As the Nawab’s overextended rule begins to falter, Jhabvala deftly criticises the arrogance of the colonial officers who paternalistically banter about the ruler’s theoretically independent kingdom; “‘Oh absolutely,’ said the Major. ‘He is – a prince. No other word for him. The trouble is that his state is unfortunately not quite princely enough to satisfy either his ambition or indeed his need for money.’” But though Jhabvala is clear in her critique when the colonial officers speak of the Nawab as if he were a child, one wonders why she chose to show us instances in which the officers are both condescending and entirely accurate in their condescension.

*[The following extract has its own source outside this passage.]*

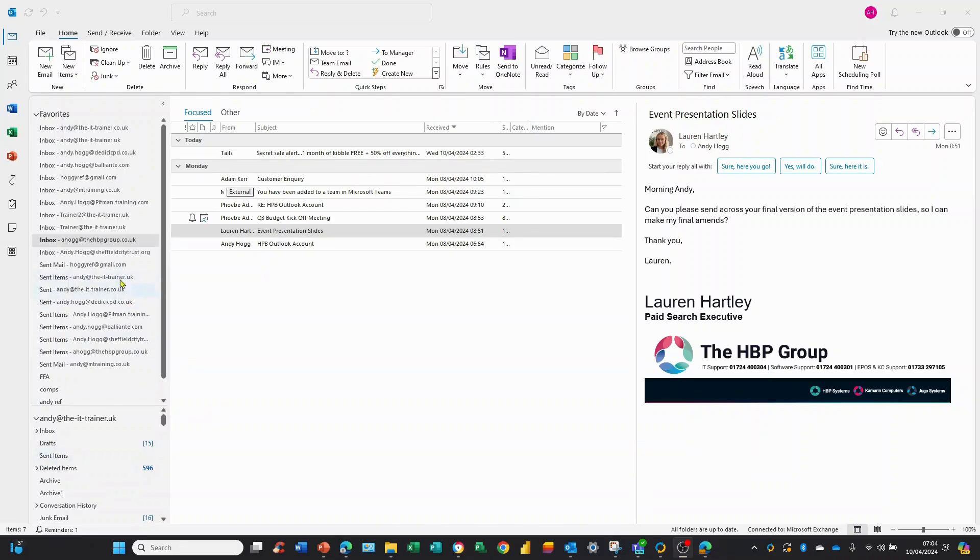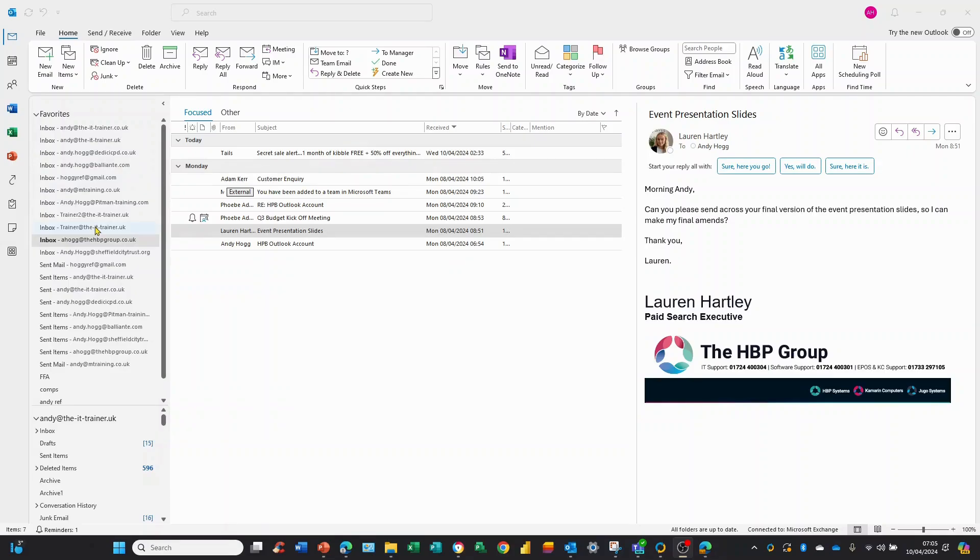You can see here I've got a number of email addresses coming into my single Outlook screen, and with this simple technique I'm going to show you, you can dictate which email is the default when you send a new email.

When Olivia’s husband complains about the hardship of distant District Collectors, stuck out there “all alone”, Olivia snipes back, “with only a few million Indians.” The novel is replete with examples of entitled foreigners behaving badly and Jhabvala, with her knowing eye, using her protagonists to observe and critique their failure to see beyond the confines of their narrow colonial lens.

Indeed, Jhabvala’s major failing may be in her persistent insistence that she, as read through Olivia and the narrator, knows India in a way that is impossible for her strawman foreign characters. Many of these characters speak of “crossing over” into “the other dimension,” or being “softened (like Indians).” As Olivia begins an affair with the Nawab, she is described as having “crossed over into … oriental privacies.” For Olivia, the feeling of having penetrated into a previously unknown India becomes her most cherished possession. When the Nawab, angry, shouts that all foreigners are the same, she is “frightened”. “Did he mean her too?” she asks herself. “She could not bear to be included in these feelings, … she would do anything not to be.

Jhabvala intends to write protagonists who have an “authentic” understanding of India. Yet her voice is unable to lose its consistent hint of condescension, as when she compares a shy Indian woman to a “little wild animal”. And the India that Jhabvala’s characters step out into is characterised by disappointingly orientalist stereotypes. Despite the author’s familiarity with the country, she returns to the Incredible India tropes of spice, colour, and fragrance. Once her protagonist begins to come to terms with India, the country seems to be equated with all that is natural, in contrast to Olivia and the narrator’s “civilised” English backgrounds. Coming to know India, Jhabvala would seem to imply, is intimately entwined with the process of acclimating to the weather: “[B]efore monsoon,” Jhabvala writes: 

[T]he heat becomes very intense. … and by that time one has accepted it … too worn-out to fight against it, one submits and endures. … The hotter it is, the sweeter are the mangoes and the sugar melons, the more pungent the scent of the jasmine. The gul mohar tree, spreading its branches like a dancer, blooms with astonishing scarlet blossoms.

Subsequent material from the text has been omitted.